● Input for this task
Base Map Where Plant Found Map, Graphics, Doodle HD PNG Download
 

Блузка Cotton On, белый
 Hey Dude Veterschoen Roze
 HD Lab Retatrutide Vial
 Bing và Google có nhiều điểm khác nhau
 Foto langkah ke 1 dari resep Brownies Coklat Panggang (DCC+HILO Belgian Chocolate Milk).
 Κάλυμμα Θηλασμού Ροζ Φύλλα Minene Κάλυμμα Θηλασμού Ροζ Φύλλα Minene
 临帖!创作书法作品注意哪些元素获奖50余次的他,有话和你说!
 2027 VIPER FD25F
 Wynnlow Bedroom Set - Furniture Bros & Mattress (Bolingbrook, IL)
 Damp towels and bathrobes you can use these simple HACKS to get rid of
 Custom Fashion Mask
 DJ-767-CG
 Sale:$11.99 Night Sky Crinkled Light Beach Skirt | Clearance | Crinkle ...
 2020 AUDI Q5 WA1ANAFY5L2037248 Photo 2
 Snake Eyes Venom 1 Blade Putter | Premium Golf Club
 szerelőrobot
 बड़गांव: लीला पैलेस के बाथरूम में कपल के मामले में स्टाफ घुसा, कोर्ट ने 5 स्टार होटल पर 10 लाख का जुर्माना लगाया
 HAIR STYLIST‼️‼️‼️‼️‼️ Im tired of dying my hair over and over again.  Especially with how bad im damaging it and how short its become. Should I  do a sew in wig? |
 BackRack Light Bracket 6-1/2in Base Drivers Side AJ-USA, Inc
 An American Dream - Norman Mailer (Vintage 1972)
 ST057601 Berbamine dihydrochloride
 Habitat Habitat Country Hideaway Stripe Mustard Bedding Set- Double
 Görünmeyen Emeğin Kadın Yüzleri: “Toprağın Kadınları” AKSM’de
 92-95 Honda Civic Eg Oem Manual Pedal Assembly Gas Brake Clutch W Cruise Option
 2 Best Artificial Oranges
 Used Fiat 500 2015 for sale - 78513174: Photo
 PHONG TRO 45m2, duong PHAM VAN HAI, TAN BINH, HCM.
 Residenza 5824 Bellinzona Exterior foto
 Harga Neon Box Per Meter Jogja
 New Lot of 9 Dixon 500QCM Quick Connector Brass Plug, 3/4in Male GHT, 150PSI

● Problem to solve
Give back the listing above exactly as written.

● The answer
Base Map Where Plant Found Map, Graphics, Doodle HD PNG Download
 

Блузка Cotton On, белый
 Hey Dude Veterschoen Roze
 HD Lab Retatrutide Vial
 Bing và Google có nhiều điểm khác nhau
 Foto langkah ke 1 dari resep Brownies Coklat Panggang (DCC+HILO Belgian Chocolate Milk).
 Κάλυμμα Θηλασμού Ροζ Φύλλα Minene Κάλυμμα Θηλασμού Ροζ Φύλλα Minene
 临帖!创作书法作品注意哪些元素获奖50余次的他,有话和你说!
 2027 VIPER FD25F
 Wynnlow Bedroom Set - Furniture Bros & Mattress (Bolingbrook, IL)
 Damp towels and bathrobes you can use these simple HACKS to get rid of
 Custom Fashion Mask
 DJ-767-CG
 Sale:$11.99 Night Sky Crinkled Light Beach Skirt | Clearance | Crinkle ...
 2020 AUDI Q5 WA1ANAFY5L2037248 Photo 2
 Snake Eyes Venom 1 Blade Putter | Premium Golf Club
 szerelőrobot
 बड़गांव: लीला पैलेस के बाथरूम में कपल के मामले में स्टाफ घुसा, कोर्ट ने 5 स्टार होटल पर 10 लाख का जुर्माना लगाया
 HAIR STYLIST‼️‼️‼️‼️‼️ Im tired of dying my hair over and over again.  Especially with how bad im damaging it and how short its become. Should I  do a sew in wig? |
 BackRack Light Bracket 6-1/2in Base Drivers Side AJ-USA, Inc
 An American Dream - Norman Mailer (Vintage 1972)
 ST057601 Berbamine dihydrochloride
 Habitat Habitat Country Hideaway Stripe Mustard Bedding Set- Double
 Görünmeyen Emeğin Kadın Yüzleri: “Toprağın Kadınları” AKSM’de
 92-95 Honda Civic Eg Oem Manual Pedal Assembly Gas Brake Clutch W Cruise Option
 2 Best Artificial Oranges
 Used Fiat 500 2015 for sale - 78513174: Photo
 PHONG TRO 45m2, duong PHAM VAN HAI, TAN BINH, HCM.
 Residenza 5824 Bellinzona Exterior foto
 Harga Neon Box Per Meter Jogja
 New Lot of 9 Dixon 500QCM Quick Connector Brass Plug, 3/4in Male GHT, 150PSI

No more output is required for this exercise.